> DATA BELOW:
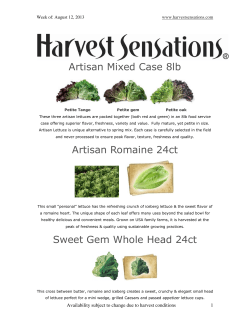 Artisan Mixed Case 8lb Artisan Romaine 24ct Sweet Gem Whole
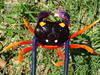 Halloween Crab, Tri-Color Moon Crab, Giant Land Crab, Giant Hermit Cra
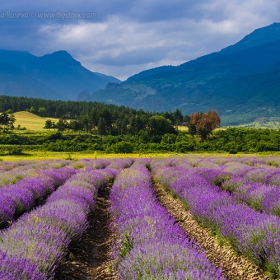 Lavander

> THE TASK:
Could you copy exactly, and with no pictures, the lines above from the one containing "Halloween Crab, Tri-Color" through the last line, both included?

> WRITTEN RESPONSE:
 Halloween Crab, Tri-Color Moon Crab, Giant Land Crab, Giant Hermit Cra
 Lavander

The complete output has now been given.